━━━━━ Data to use

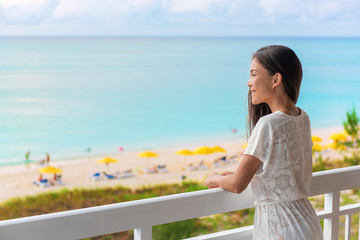 Resort vacation happy Asian woman tourist enjoying ocean view from beach front hotel room on...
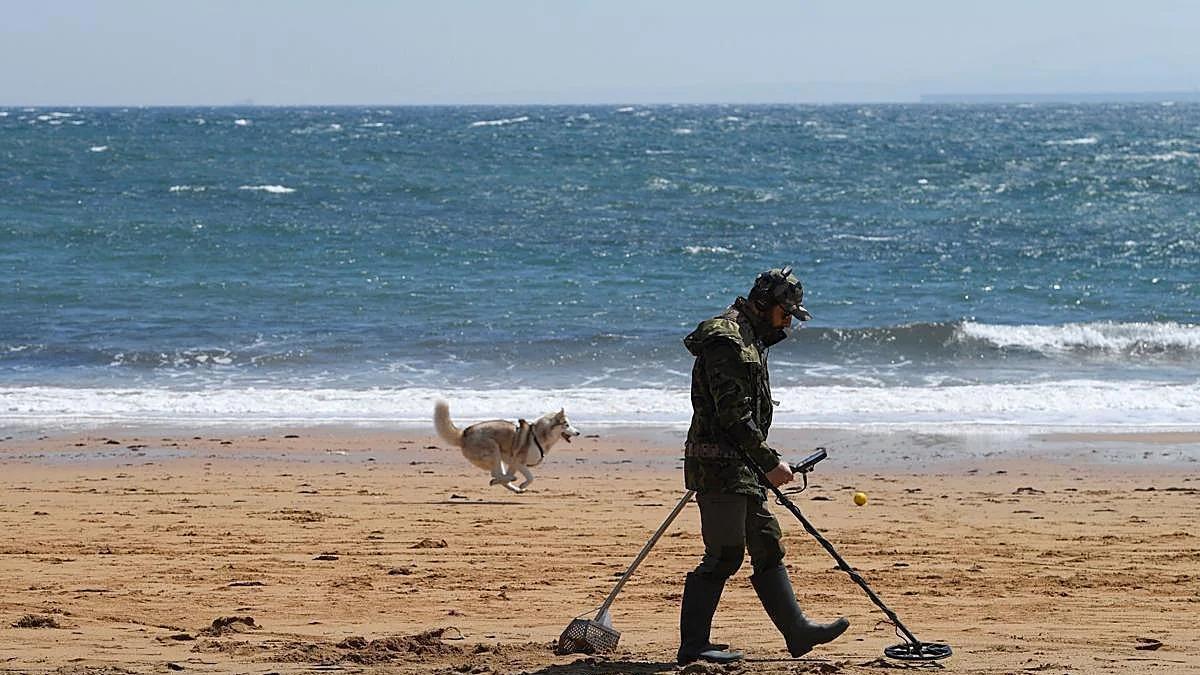Un hombre busca objetos en una playa con un detector de metales.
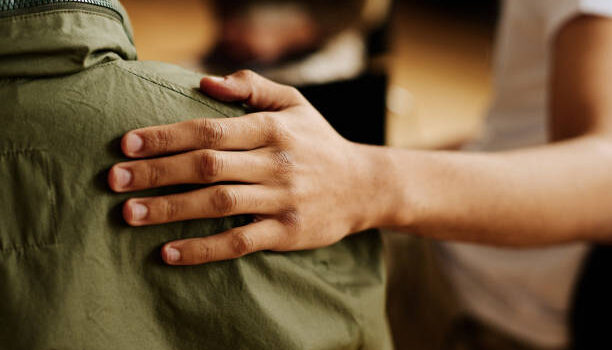 ÁREA SOCIAL Y-O ECONÓMICA Hand of young supportive man consoling his friend or one of attendants with post traumatic syndrome caused by dramatic life event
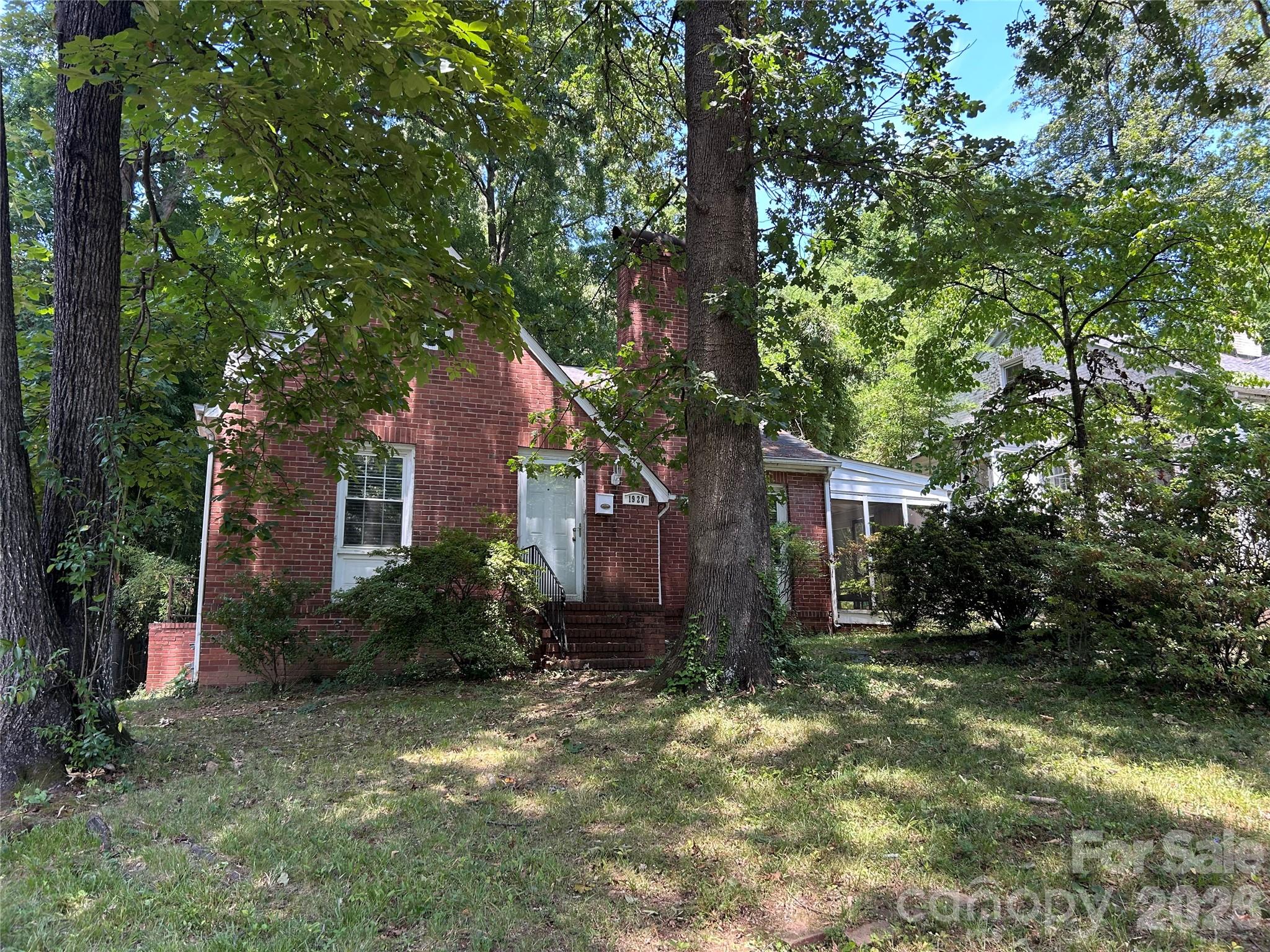 Investor Special in Historic Wilmore! This adorable and cozy bungalow is nestled in one of Charlotte's most desirable and charming historic neighborhoods. Located within the Historic Wilmore District, you'll enjoy easy access to the LYNX Blue Line, I-77, South End, Uptown Charlotte, local shops, restaurants, breweries, and Bank of America Stadium. Filled with character and potential, this home offers a rare opportunity to renovate, restore, or create your dream home in a highly sought-after location. A hallway staircase leads to an expansive 508-square-foot attic space, providing generous storage or exciting possibilities for future expansion, additional rooms, or a custom owner's retreat. Whether you're an investor, builder, or buyer with a vision, this property presents endless possibilities in one of Charlotte's most vibrant and walkable communities. Home is being sold As-Is, in its current condition.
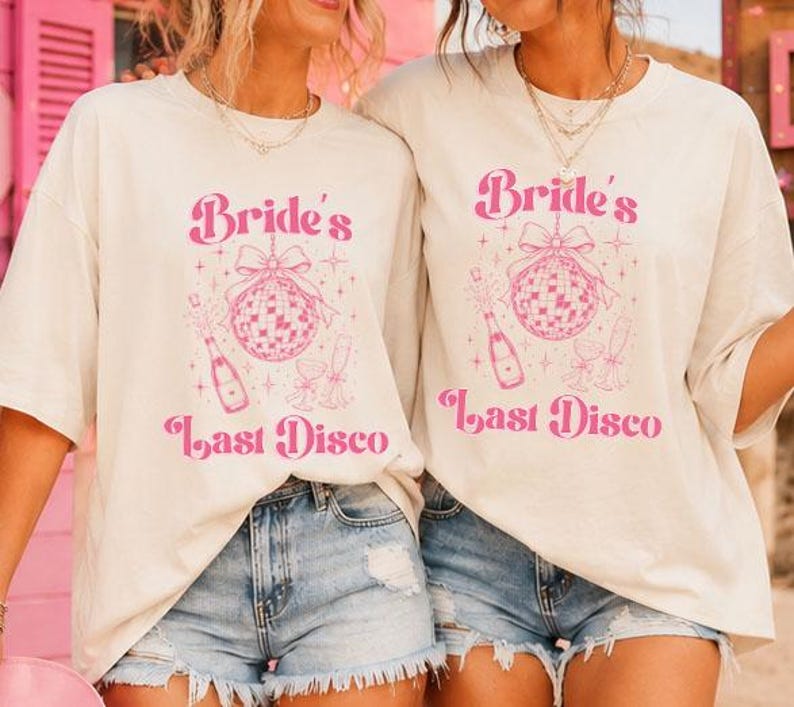 May include: An off-white short-sleeve t-shirt featuring a pink graphic print that includes the text "Bride's Last Disco," a disco ball with a bow, a champagne bottle, and two champagne flutes, all surrounded by small star-shaped accents.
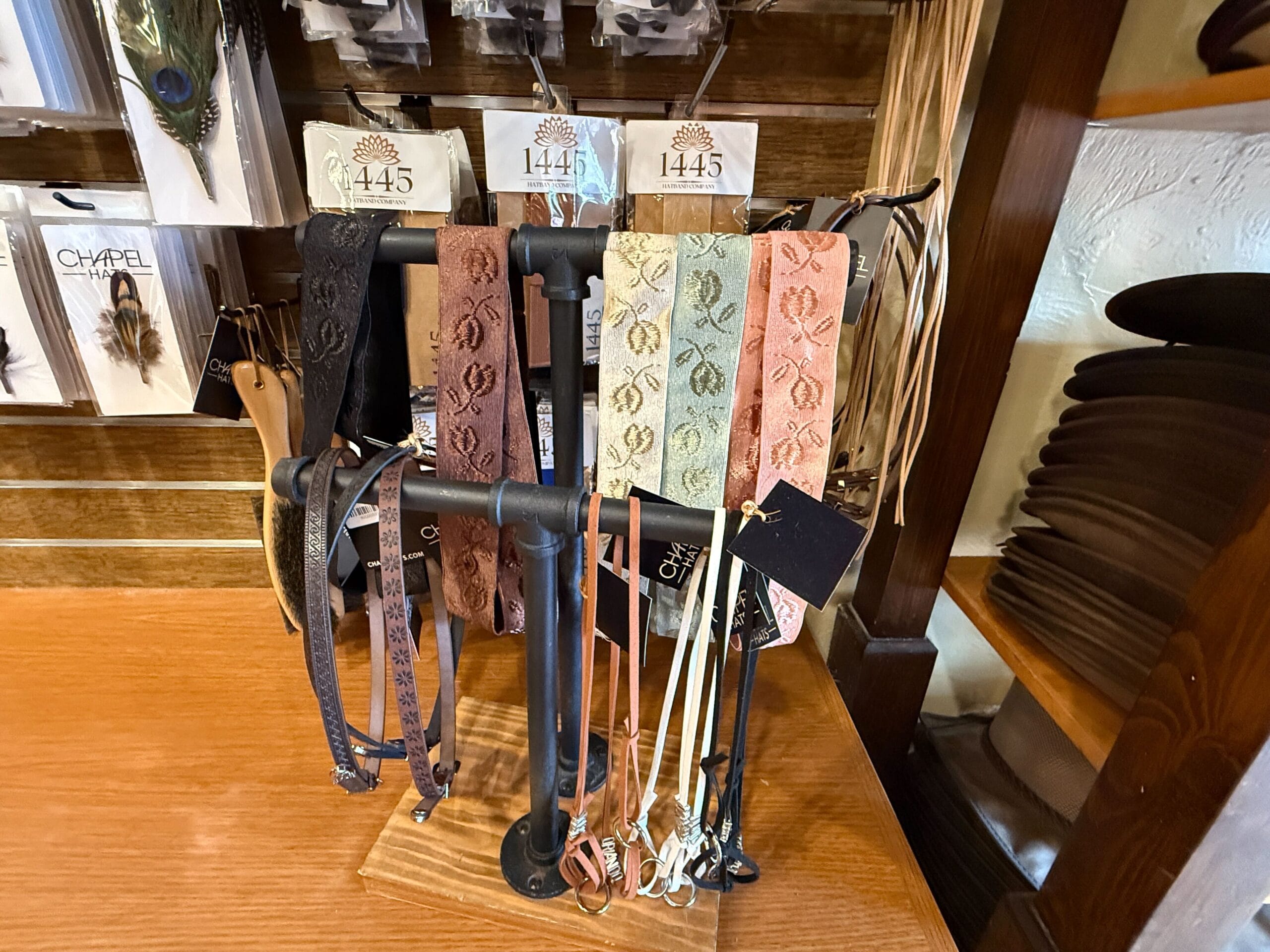 Decorative fabric headbands hang on a display rack at the Prairie Outpost in Magic Kingdom, with accessories nearby.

━━━━━━━━━━

## Problem details:
Leaving every picture behind, retype the entries above exactly, from the first line through the line with "Investor Special in", and stop there.

## Response box:
 Resort vacation happy Asian woman tourist enjoying ocean view from beach front hotel room on...
Un hombre busca objetos en una playa con un detector de metales.
 ÁREA SOCIAL Y-O ECONÓMICA Hand of young supportive man consoling his friend or one of attendants with post traumatic syndrome caused by dramatic life event
 Investor Special in Historic Wilmore! This adorable and cozy bungalow is nestled in one of Charlotte's most desirable and charming historic neighborhoods. Located within the Historic Wilmore District, you'll enjoy easy access to the LYNX Blue Line, I-77, South End, Uptown Charlotte, local shops, restaurants, breweries, and Bank of America Stadium. Filled with character and potential, this home offers a rare opportunity to renovate, restore, or create your dream home in a highly sought-after location. A hallway staircase leads to an expansive 508-square-foot attic space, providing generous storage or exciting possibilities for future expansion, additional rooms, or a custom owner's retreat. Whether you're an investor, builder, or buyer with a vision, this property presents endless possibilities in one of Charlotte's most vibrant and walkable communities. Home is being sold As-Is, in its current condition.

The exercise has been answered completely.